Le bilan de l'accord de libre-échange Etats-Unis-Canada-Mexique est plutôt positif. Il s'est traduit par une relance considérable des échanges entre les trois pays avec plus de créations d'emplois que de destructions d'emplois et il ne fait plus l'objet de l'hostilité des syndicats américains. Mais le Mexique et le Canada ont des économies structurées autour de leur voisin, qui était déjà leur premier client et leur premier fournisseur avant la signature de l'accord, lequel n'a fait qu'accélérer le rythme du commerce entre les trois pays.
Quelques pays sous-développés
L'Amérique du Sud s'était organisée différemment, notamment avec le Mercosur, accord de libre-échange unissant le Brésil, l'Argentine, l'Uruguay et le Paraguay. Le Brésil est plus attaché au Mercosur qu'à une expérience d'intégration commerciale du sud et du nord du continent.

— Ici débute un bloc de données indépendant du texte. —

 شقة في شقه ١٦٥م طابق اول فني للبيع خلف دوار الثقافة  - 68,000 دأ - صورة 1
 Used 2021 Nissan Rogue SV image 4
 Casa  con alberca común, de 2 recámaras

La première différence entre la zone américaine de libre-échange et l'Union européenne, c'est que l'UE regroupe en totalité des pays industrialisés, alors que, en dehors des Etats-Unis et du Canada, le reste des Amériques est sous-développé. La deuxième différence est que le poids énorme des Etats-Unis empêchera toute intégration politique : les pays pauvres de l'ensemble géographique sont jaloux de leur souveraineté et soucieux de ne pas tomber dans l'orbite de Washington. La troisième est que, si le continent américain abrite 800 millions d'âmes, l'élargissement de l'UE permettra un jour de parvenir à ce nombre, mais en incluant également des pays en retard par rapport aux Quinze.

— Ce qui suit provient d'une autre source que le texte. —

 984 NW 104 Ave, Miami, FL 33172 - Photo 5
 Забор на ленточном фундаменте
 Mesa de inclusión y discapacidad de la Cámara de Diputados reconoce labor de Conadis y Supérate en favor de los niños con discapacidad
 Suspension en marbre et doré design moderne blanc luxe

Au moins deux pays d'Asie, le Japon et la Corée du Sud, assistent avec inquiétude à ces deux vastes regroupements et cherchent à organiser les pays du Pacifique selon des normes commerciales comparables.
La fin des dictatures
Enfin, le sommet américain de Québec aura été aussi une victoire de tous ceux qui militent contre la mondialisation et qu'il faut considérer comme une force organisée et internationale, souvent subventionnée par des grands syndicats de travailleurs. Cette force s'est substituée à l'URSS dans le combat contre le capitalisme. Un des points essentiels qui ont été dégagés à Québec concerne la règle numéro un énoncée par les 35 chefs d'Etat ou de gouvernement qui étaient réunis : aucun pays des Amériques ne peut pas adhérer à la zone de libre-échange s'il n'a pas adopté un régime démocratique. Une évolution très sensible de ces dix ou quinze dernières années a fait disparaître la plupart des dictatures latino-américaines, notamment celles du Chili et de l'Argentine, dont le pouvoir a été longtemps exercé par des militaires. Le Premier ministre canadien, Jean Chrétien, a néanmoins insisté sur la nature des régimes qui feront partie de l'ensemble. Cuba n'a d'ailleurs pas été invitée. C'est, indirectement, une réponse aux activistes de l'antimondialisation : vous ne pouvez pas interdire un système choisi librement par les peuples.